Degli ebrei non ci si dimentica mai

La notizia è che un folto gruppo di accademici italiani lavora a un appello che invita la comunità scientifica al boicottaggio culturale di Israele, o quantomeno delle sue istituzioni ufficiali; una iniziativa sulla falsariga di quanto già accaduto in Gran Bretagna: «Non accetteremo inviti dalle istituzioni accademiche israeliane, non saremo referenti in alcuno dei loro eventi, non parteciperemo a conferenze da loro finanziate, organizzate o sponsorizzate, né coopereremo con loro», hanno scritto, nell’ottobre scorso, sul “Guardian”, trecento docenti e ricercatori britannici. Reazione a quelle che hanno definito «violazioni intollerabili dei diritti umani inflitte a tutto il popolo palestinese». Si poteva non imitare l’iniziativa d’oltre Manica? Certo che no.

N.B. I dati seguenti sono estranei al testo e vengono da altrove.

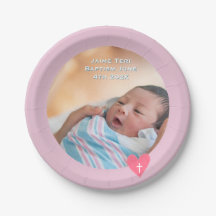 Photo Paper Plate Baptism Pink Shower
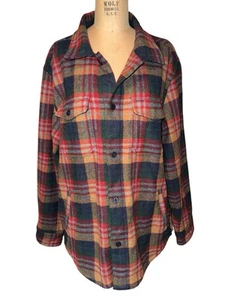 Wallace & Barnes Red Green Plaid Wool Blend Flannel Jacket Coat Pockets Sz L - Picture 1 of 8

Sembra siano 150 gli accademici che hanno aderito a un testo ancora in fase di definizione; si vogliono evitare, si fa sapere, toni troppo duri. Non tanto per convinzione, piuttosto per coinvolgere la massima platea possibile. La sostanza, per quanto la si voglia indorare, è comunque un "No" alle istituzioni ufficiali di Israele; bontà dei promotori il no non si chiede sia applicato a singoli intellettuali e docenti israeliani, purché invitati (o invitanti) a titolo personale.

A Londra nelle settimane scorse è diffuso una sorta di contro-appello, promosso tra gli altri da J. K. Rowling, l’autrice di Harry Potter, dallo storico scozzese Niall Ferguson, e da Simon Schama, docente alla Columbia University: «Stiamo cercando di informare e incoraggiare il dialogo fra Israele e i palestinesi in una comunità culturale e creativa più ampia. I boicottaggi culturali che vogliono isolare Israele sono divisivi e discriminatori, e non favoriscono la pace».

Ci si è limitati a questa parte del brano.